5 de março de 2015

Na aridez o desejo

Por Clênio Sierra de Alcântara






Foto: divulgação





Na tarde da última terça-feira eu tomei o rumo do meu venerado Cinema da Fundação, no bairro do Derby, no Recife, para pegar a sessão das 16:20 h e assistir ao longa-metragem  A história da eternidade, do diretor Camilo Cavalcante.

No panorama do audiovisual do Brasil nada tem se comparado às produções pernambucanas. Em Pernambuco vem se fazendo um cinema com cara, jeito, falar, trejeito, cor, paisagem e, eu quase dizia, cheiro locais. Tem sido mantido nos argumentos dos nossos cineastas, creio eu, um compromisso com a autenticidade e com a verdade que eles sustentam sem caírem na tolice de macaquearem uma matriz hollywoodiana; e porque não há esse sentimento de emulação, eles têm feito um cinema que, muito mais do que do sentido do olhar, é cobrado do telespectador a percepção da complexidade da existência humana. Sim, é um exercício cinematográfico pretensioso e ambicioso esse, mas não poderia ser outro, uma vez que o que se almeja mostrar nas telas vai além da permanência marginal das favelas e ultrapassa e muito os esgares e o tom sofrível das comediazinhas que se multiplicaram nos últimos anos como projetos lucrativos do chamado cinema nacional.

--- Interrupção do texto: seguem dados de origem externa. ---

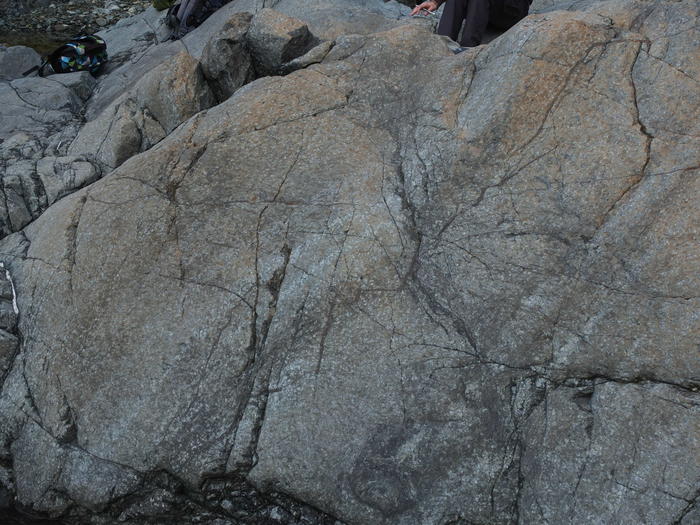 Meta-serpentinite with veins (darker, e.g. from center to upper right corner) that formed as a result of the dehydration at depth and served as fluid escape pathway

A meu ver o que tem distinguido e elevado o nível das produções cinematográficas pernambucanas com relação ao que se verifica no resto do país é uma total e completa ausência de concessão. Os cineastas daqui não vêm abrindo mão de seus projetos pessoais com o intuito de angariar adesão e ganhar mais apoio para ocupar mais salas de exibição; eles não têm feito concessões de nenhuma ordem para se enquadrarem num esquema supostamente facilitador de captação de recursos; daí por que se tem feito aqui um cinema tão pulsante e vigoroso e que tem uma estética única. Nosso cinema não tem seguido modismos; pelo contrário, ele tem se posto como um produto autêntico que vale por si mesmo como obra artística.

Fomos agora apresentados a esse A história da eternidade que, não duvido, será um dos momentos mais grandiosos da cinematografia brasileira neste ano. Depois de depurar sua percepção e sensibilidade em vários curtas-metragens – inclusive em um homônimo em 2003 – Camilo Cavalcante nos traz esse filme que é de uma beleza visual, musical e narrativa singular. Na aridez de um lugarejo desprovido de tantos recursos materiais vemos o desejo como uma força motriz, como um imperativo da existência humana a desencadear uma série de ações redefinidoras de rumos. As criaturas que povoam o lugar talvez até acreditem em destino, mas, ainda assim, de alguma maneira elas tentam se perceber no pleno domínio de suas vidas. Por isso, não é a epilepsia, não é a cegueira, não é a autoflagelação e nem é o mando autoritário que irá aplacar aquilo que de mais íntimo e intenso elas sentem.

Toda a carga dramática que se derrama nos terreiros das casas do vilarejo é também ela como que uma certificação – a presença da chuva não é um indício de transformação, de mudança? – de que, mesmo nas existências mais oprimidas, existe nem que seja uma nesga de sonho, de fantasia, de saciedade, de anseio por um dia menos rude. Esse A história da eternidade é deslumbrante – havia muito eu não me deparava com uma cena tão bonita como a do encontro amoroso de Querência (e eu não posso deixar de dizer aqui que admiro demais a atriz Marcélia Cartaxo) com o cego Everaldo –; e sua narrativa fica a quase todo momento a nos dizer que: ou consumamos o desejo que sentimos ou ele nos consome inteiramente.